§ Collected material:
Segment Open

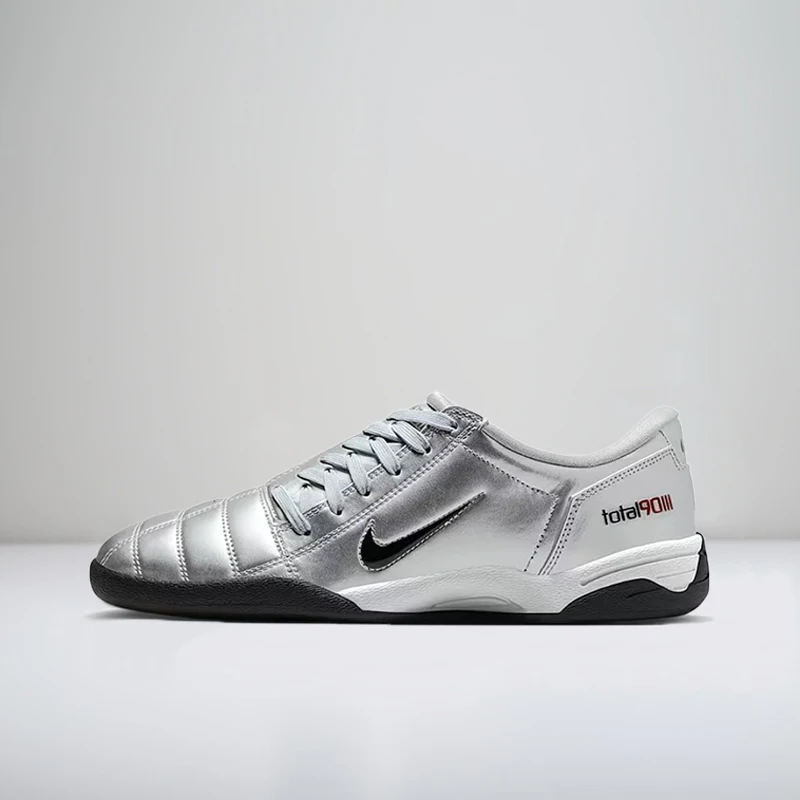 Nike Total 90 III: Botines de fútbol de caña baja para mujer, elegantes, modernos, ligeros, suaves y ajustados – Plateado IM7595-001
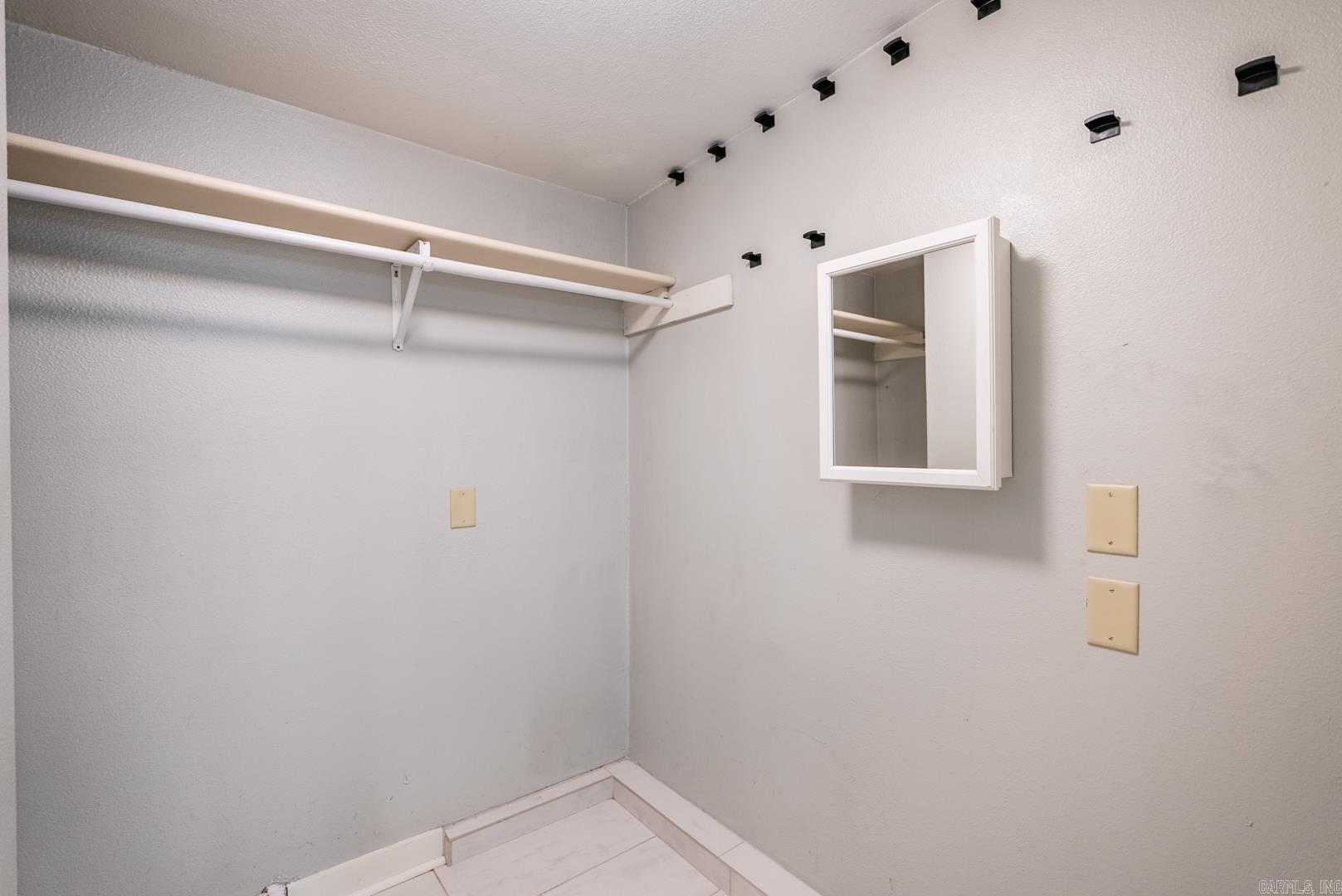 CAMMACK WOODS - Residential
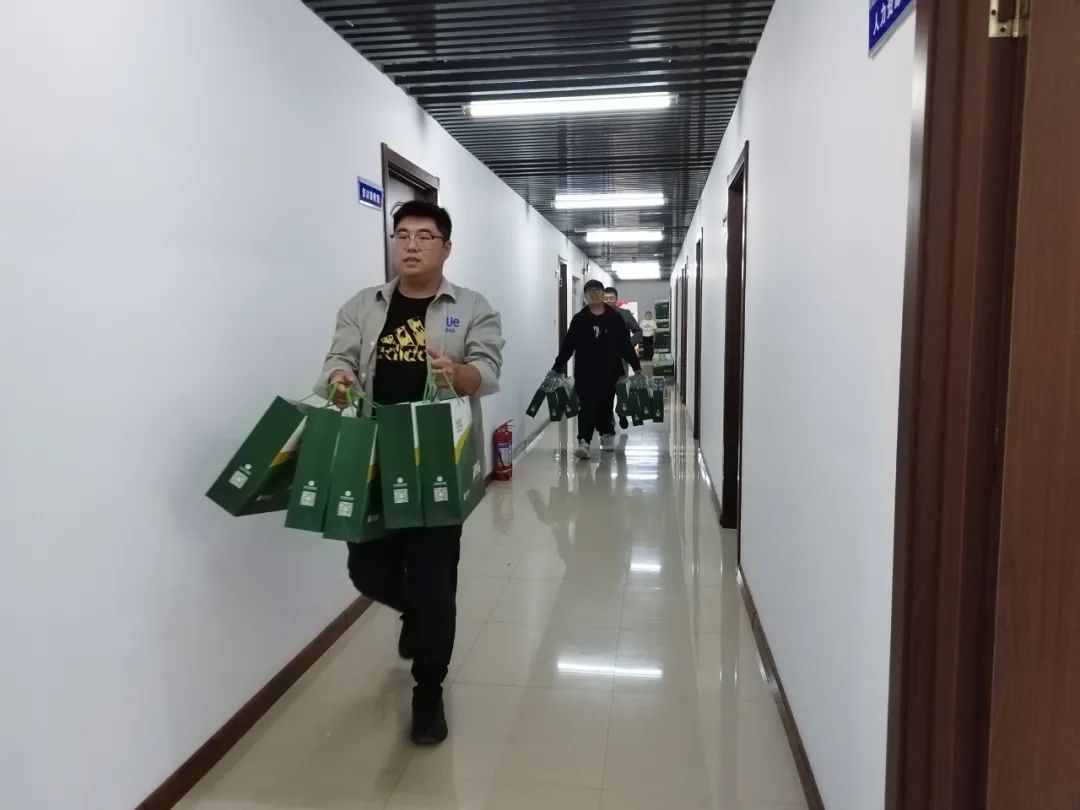 情濃月滿 共繪中秋——沖填公司為職工發(fā)放中秋節(jié)暖心福利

Segment Closed

An exact reproduction of the material above is needed, without its pictures.

§ Response area:
 Nike Total 90 III: Botines de fútbol de caña baja para mujer, elegantes, modernos, ligeros, suaves y ajustados – Plateado IM7595-001
 CAMMACK WOODS - Residential
 情濃月滿 共繪中秋——沖填公司為職工發(fā)放中秋節(jié)暖心福利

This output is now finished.